(PROBLEM STATEMENT):
Begin at the first line of the records below and, please, give each line again exactly until the line with "Elf on The Shelf" is included.

═══ MATERIALS PROVIDED ═══

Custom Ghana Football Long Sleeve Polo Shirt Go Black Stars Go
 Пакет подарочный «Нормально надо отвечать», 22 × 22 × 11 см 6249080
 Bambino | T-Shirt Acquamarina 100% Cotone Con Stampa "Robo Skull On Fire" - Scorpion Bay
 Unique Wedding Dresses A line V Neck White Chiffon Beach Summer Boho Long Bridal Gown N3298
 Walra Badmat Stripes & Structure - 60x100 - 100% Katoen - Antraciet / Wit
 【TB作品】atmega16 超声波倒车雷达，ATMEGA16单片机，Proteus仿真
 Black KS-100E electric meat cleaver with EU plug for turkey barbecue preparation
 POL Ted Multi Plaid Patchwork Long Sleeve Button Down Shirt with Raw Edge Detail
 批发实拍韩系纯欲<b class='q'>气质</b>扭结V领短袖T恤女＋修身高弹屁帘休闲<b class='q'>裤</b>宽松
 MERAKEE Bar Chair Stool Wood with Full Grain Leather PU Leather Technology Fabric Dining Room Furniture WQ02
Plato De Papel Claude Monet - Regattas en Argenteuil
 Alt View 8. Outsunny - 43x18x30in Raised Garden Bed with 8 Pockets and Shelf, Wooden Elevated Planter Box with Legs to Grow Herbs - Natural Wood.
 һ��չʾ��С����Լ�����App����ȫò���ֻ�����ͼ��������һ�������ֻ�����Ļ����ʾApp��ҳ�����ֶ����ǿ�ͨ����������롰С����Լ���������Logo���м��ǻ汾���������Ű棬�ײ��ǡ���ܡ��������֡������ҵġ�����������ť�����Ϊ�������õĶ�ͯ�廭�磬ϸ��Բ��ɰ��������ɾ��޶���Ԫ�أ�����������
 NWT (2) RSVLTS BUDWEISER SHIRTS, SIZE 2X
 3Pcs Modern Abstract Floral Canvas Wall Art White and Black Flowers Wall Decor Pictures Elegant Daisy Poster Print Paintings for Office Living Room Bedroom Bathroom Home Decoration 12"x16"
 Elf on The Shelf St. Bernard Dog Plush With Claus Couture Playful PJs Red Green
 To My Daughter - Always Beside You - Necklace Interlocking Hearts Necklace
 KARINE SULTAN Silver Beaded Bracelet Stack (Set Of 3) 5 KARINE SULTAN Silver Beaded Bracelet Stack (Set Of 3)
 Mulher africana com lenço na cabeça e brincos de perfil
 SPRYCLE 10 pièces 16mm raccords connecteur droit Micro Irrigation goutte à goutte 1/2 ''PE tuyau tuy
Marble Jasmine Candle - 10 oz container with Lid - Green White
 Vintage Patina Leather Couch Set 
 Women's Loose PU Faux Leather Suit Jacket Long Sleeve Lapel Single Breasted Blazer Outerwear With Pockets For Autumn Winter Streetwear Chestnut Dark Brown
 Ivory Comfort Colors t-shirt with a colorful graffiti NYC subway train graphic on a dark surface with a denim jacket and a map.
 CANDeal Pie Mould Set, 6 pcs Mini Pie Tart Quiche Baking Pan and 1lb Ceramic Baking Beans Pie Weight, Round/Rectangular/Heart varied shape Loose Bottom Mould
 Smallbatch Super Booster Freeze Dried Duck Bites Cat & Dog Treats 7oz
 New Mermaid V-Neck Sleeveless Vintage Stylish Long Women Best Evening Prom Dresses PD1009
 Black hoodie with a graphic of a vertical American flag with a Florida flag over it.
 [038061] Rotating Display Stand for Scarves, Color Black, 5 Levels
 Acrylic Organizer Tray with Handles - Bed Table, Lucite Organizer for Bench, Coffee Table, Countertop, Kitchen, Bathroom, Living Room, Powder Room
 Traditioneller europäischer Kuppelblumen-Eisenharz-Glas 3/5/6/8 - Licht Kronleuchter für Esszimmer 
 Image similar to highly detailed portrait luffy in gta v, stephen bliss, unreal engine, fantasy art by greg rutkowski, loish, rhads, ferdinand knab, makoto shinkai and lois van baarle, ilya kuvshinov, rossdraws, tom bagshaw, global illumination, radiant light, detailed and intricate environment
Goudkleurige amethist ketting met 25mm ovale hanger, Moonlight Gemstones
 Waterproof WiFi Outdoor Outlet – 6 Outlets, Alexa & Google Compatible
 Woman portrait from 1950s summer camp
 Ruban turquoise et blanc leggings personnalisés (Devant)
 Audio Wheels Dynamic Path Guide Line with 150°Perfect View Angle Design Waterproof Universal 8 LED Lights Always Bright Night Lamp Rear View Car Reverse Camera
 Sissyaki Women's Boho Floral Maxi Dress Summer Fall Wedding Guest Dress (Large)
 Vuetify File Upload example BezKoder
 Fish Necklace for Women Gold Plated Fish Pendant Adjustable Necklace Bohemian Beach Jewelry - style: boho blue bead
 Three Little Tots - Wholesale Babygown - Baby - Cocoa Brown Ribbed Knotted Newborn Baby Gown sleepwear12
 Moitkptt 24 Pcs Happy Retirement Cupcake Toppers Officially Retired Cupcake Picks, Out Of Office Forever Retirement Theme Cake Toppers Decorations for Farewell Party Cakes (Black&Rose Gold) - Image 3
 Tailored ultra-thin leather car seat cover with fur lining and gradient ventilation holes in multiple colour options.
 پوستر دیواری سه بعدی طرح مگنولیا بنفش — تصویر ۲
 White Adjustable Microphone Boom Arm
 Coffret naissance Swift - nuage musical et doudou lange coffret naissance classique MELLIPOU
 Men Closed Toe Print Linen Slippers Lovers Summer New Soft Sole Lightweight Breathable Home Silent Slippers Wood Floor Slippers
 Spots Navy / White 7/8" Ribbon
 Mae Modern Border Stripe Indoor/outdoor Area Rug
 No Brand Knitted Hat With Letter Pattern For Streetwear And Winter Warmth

═══

(RESULT OF THE EXERCISE):
Custom Ghana Football Long Sleeve Polo Shirt Go Black Stars Go
 Пакет подарочный «Нормально надо отвечать», 22 × 22 × 11 см 6249080
 Bambino | T-Shirt Acquamarina 100% Cotone Con Stampa "Robo Skull On Fire" - Scorpion Bay
 Unique Wedding Dresses A line V Neck White Chiffon Beach Summer Boho Long Bridal Gown N3298
 Walra Badmat Stripes & Structure - 60x100 - 100% Katoen - Antraciet / Wit
 【TB作品】atmega16 超声波倒车雷达，ATMEGA16单片机，Proteus仿真
 Black KS-100E electric meat cleaver with EU plug for turkey barbecue preparation
 POL Ted Multi Plaid Patchwork Long Sleeve Button Down Shirt with Raw Edge Detail
 批发实拍韩系纯欲<b class='q'>气质</b>扭结V领短袖T恤女＋修身高弹屁帘休闲<b class='q'>裤</b>宽松
 MERAKEE Bar Chair Stool Wood with Full Grain Leather PU Leather Technology Fabric Dining Room Furniture WQ02
Plato De Papel Claude Monet - Regattas en Argenteuil
 Alt View 8. Outsunny - 43x18x30in Raised Garden Bed with 8 Pockets and Shelf, Wooden Elevated Planter Box with Legs to Grow Herbs - Natural Wood.
 һ��չʾ��С����Լ�����App����ȫò���ֻ�����ͼ��������һ�������ֻ�����Ļ����ʾApp��ҳ�����ֶ����ǿ�ͨ����������롰С����Լ���������Logo���м��ǻ汾���������Ű棬�ײ��ǡ���ܡ��������֡������ҵġ�����������ť�����Ϊ�������õĶ�ͯ�廭�磬ϸ��Բ��ɰ��������ɾ��޶���Ԫ�أ�����������
 NWT (2) RSVLTS BUDWEISER SHIRTS, SIZE 2X
 3Pcs Modern Abstract Floral Canvas Wall Art White and Black Flowers Wall Decor Pictures Elegant Daisy Poster Print Paintings for Office Living Room Bedroom Bathroom Home Decoration 12"x16"
 Elf on The Shelf St. Bernard Dog Plush With Claus Couture Playful PJs Red Green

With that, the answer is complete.